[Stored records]
- - -

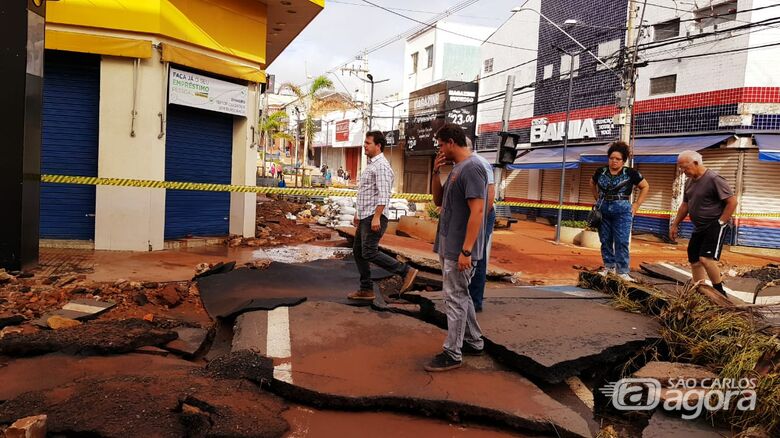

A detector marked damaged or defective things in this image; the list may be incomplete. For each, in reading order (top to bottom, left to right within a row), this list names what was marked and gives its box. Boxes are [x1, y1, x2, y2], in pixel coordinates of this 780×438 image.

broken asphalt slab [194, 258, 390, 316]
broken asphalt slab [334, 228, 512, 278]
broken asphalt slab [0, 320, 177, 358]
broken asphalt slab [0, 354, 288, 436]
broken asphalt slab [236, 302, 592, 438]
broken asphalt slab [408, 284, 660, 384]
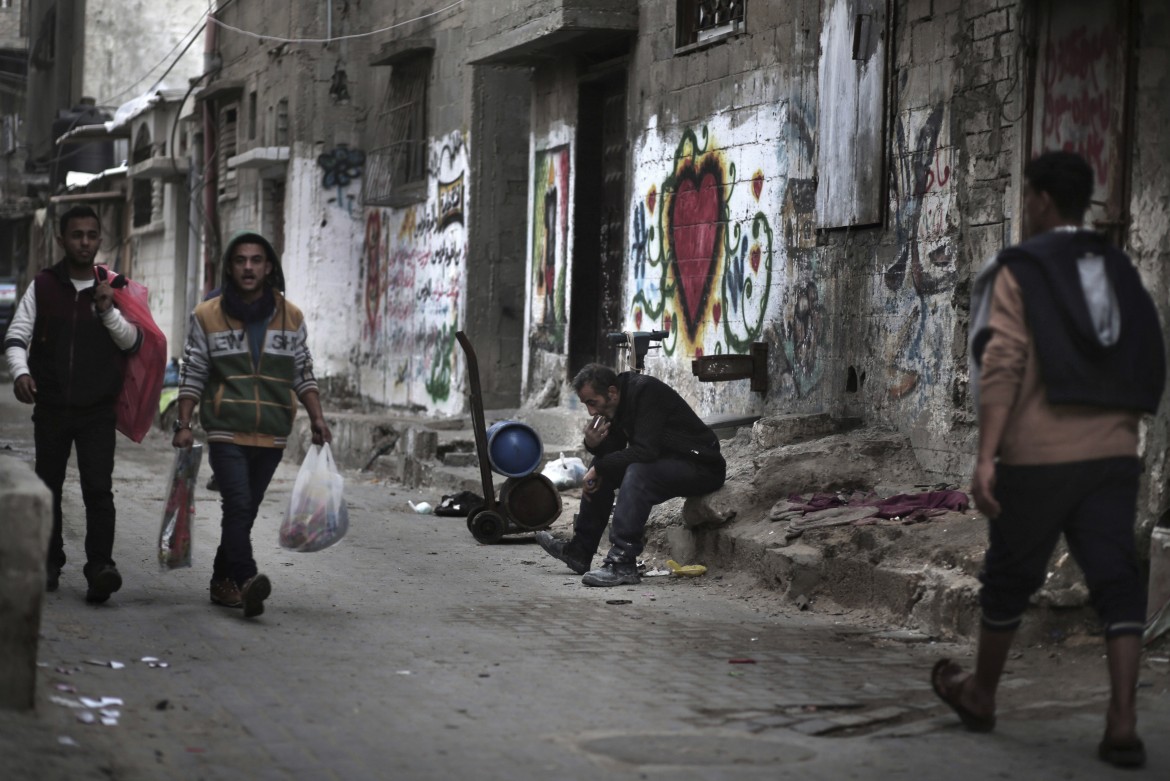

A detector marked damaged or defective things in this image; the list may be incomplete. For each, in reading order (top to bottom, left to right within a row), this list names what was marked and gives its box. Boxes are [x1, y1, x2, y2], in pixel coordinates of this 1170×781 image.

- - -

GOAL OF THE EXERCISE » Transcribe the data exactly, minus any images.

WRITTEN ANSWER »
A detector marked damaged or defective things in this image; the list may be incomplete. For each, in reading order (top to bottom, left to right within a row), this list names what was marked and gives its box. Boxes are [x1, y1, x2, y2], in pixel coordinates of this 780×438 image.

broken asphalt slab [194, 258, 390, 316]
broken asphalt slab [334, 228, 512, 278]
broken asphalt slab [0, 320, 177, 358]
broken asphalt slab [0, 354, 288, 436]
broken asphalt slab [236, 302, 592, 438]
broken asphalt slab [408, 284, 660, 384]

A detector marked damaged or defective things in this image; the list may be incomplete. For each, in reading order (top to bottom, left to right within a row), this list names what was marked and gives its box. Boxes are [x1, y1, x2, y2], in pixel coordinates of this 1170×781 image.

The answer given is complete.